Reproduce, exactly, the lines of the material below from the line containing "Microalgal hydrogen production - A review" through the line containing "Mappa antica della", with both end lines included and nothing else.

Record extracts section start

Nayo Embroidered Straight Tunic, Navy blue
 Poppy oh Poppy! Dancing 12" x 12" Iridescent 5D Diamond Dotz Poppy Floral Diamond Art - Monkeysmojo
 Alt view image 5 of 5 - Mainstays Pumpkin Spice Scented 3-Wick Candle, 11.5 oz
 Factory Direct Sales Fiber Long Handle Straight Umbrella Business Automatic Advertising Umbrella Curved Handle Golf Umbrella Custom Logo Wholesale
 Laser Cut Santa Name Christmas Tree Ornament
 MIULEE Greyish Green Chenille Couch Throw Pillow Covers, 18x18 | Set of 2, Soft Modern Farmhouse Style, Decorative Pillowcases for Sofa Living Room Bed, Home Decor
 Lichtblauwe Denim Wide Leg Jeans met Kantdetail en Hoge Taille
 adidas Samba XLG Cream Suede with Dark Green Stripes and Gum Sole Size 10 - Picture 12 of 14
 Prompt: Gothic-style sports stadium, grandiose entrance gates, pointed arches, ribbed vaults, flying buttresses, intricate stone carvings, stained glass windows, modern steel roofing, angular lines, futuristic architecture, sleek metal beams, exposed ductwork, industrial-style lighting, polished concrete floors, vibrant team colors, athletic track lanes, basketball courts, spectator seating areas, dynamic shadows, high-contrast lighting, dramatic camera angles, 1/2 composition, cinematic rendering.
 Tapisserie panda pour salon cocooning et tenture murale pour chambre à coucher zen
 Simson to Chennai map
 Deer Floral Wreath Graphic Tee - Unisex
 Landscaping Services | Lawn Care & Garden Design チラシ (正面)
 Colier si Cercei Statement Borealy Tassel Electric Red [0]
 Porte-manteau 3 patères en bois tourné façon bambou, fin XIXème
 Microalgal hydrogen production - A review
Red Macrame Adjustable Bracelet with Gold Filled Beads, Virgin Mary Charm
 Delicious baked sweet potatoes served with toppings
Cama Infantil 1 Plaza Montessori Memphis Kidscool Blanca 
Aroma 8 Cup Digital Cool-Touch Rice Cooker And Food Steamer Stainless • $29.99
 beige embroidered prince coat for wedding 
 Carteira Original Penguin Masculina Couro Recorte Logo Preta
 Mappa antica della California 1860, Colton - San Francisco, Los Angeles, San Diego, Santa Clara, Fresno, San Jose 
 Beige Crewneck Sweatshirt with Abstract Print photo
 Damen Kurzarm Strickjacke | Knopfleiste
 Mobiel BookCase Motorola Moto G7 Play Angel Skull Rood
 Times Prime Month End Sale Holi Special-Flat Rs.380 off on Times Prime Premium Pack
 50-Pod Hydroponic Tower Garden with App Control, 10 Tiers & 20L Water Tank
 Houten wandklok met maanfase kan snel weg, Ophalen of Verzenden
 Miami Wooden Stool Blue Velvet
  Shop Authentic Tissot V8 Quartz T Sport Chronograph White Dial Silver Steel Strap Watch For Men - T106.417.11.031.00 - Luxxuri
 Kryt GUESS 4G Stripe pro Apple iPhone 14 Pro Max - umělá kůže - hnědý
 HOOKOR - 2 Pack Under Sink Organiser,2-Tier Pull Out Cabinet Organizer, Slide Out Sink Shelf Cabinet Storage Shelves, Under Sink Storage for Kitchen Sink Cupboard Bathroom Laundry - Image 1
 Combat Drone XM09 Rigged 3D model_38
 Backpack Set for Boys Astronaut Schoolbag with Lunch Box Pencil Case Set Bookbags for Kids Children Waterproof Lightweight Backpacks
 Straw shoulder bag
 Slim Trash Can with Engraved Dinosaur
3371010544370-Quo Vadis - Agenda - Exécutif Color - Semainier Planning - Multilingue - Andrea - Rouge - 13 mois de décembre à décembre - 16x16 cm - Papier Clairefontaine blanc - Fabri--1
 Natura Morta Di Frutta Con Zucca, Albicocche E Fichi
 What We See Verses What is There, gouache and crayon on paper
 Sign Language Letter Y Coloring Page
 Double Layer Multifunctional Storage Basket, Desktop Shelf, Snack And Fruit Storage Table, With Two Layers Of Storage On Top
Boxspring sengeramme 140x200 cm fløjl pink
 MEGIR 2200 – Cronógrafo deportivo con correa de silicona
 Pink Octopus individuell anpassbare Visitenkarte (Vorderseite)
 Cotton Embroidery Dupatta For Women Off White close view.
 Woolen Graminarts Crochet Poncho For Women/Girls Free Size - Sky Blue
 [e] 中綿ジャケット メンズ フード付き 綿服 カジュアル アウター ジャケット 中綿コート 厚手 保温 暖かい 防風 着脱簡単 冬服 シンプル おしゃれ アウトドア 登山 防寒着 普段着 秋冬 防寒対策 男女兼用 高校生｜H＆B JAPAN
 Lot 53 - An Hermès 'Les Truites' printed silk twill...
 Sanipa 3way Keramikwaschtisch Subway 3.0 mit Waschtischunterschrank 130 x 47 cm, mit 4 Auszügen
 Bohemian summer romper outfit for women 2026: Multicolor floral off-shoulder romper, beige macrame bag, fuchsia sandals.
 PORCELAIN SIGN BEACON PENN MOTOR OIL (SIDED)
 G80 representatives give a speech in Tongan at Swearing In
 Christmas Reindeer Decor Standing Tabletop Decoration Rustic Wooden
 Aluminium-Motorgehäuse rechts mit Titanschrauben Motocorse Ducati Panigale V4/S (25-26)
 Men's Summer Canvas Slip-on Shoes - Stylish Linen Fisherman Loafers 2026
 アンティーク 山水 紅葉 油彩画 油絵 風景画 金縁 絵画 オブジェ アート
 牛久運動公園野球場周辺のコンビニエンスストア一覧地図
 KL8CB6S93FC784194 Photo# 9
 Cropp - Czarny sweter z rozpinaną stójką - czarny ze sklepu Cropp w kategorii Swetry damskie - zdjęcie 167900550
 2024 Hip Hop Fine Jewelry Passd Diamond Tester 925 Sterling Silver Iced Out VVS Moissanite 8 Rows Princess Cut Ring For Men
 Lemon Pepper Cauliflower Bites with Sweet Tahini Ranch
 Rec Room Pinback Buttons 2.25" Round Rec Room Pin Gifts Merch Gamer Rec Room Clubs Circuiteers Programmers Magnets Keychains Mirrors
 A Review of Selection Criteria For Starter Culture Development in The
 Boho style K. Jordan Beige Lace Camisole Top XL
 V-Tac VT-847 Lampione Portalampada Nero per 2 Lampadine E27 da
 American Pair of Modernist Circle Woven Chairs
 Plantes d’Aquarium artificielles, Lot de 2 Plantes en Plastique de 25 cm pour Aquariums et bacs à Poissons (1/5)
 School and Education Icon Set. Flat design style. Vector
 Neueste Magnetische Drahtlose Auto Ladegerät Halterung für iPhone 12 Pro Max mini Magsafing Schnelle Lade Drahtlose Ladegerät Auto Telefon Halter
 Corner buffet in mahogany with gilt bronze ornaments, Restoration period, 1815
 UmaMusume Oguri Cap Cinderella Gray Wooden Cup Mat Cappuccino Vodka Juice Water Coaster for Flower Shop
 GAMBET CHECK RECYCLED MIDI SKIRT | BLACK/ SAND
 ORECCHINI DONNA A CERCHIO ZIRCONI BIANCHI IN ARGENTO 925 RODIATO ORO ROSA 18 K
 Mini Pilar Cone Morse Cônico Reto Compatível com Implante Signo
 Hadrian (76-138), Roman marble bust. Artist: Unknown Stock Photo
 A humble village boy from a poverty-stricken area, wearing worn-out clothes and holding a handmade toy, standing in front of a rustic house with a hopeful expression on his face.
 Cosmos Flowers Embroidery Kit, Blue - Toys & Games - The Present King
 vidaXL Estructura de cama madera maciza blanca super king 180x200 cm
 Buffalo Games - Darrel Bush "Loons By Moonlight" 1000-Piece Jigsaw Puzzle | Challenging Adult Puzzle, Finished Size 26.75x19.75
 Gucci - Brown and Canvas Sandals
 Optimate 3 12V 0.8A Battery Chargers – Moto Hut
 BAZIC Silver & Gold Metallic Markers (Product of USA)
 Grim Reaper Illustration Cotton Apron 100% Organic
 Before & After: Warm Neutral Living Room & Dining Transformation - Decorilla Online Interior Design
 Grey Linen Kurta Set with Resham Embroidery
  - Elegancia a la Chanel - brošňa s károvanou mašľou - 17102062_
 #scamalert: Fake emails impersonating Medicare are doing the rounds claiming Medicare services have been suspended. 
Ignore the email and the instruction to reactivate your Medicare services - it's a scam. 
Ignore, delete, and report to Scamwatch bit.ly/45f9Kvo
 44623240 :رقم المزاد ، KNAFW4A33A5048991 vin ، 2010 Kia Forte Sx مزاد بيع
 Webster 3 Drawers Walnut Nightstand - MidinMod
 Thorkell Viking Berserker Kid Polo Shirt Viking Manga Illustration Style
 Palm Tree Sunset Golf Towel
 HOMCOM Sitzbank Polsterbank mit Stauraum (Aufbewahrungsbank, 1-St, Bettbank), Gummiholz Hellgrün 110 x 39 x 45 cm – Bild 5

Record extracts section end

Written solution:
 Microalgal hydrogen production - A review
Red Macrame Adjustable Bracelet with Gold Filled Beads, Virgin Mary Charm
 Delicious baked sweet potatoes served with toppings
Cama Infantil 1 Plaza Montessori Memphis Kidscool Blanca 
Aroma 8 Cup Digital Cool-Touch Rice Cooker And Food Steamer Stainless • $29.99
 beige embroidered prince coat for wedding 
 Carteira Original Penguin Masculina Couro Recorte Logo Preta
 Mappa antica della California 1860, Colton - San Francisco, Los Angeles, San Diego, Santa Clara, Fresno, San Jose 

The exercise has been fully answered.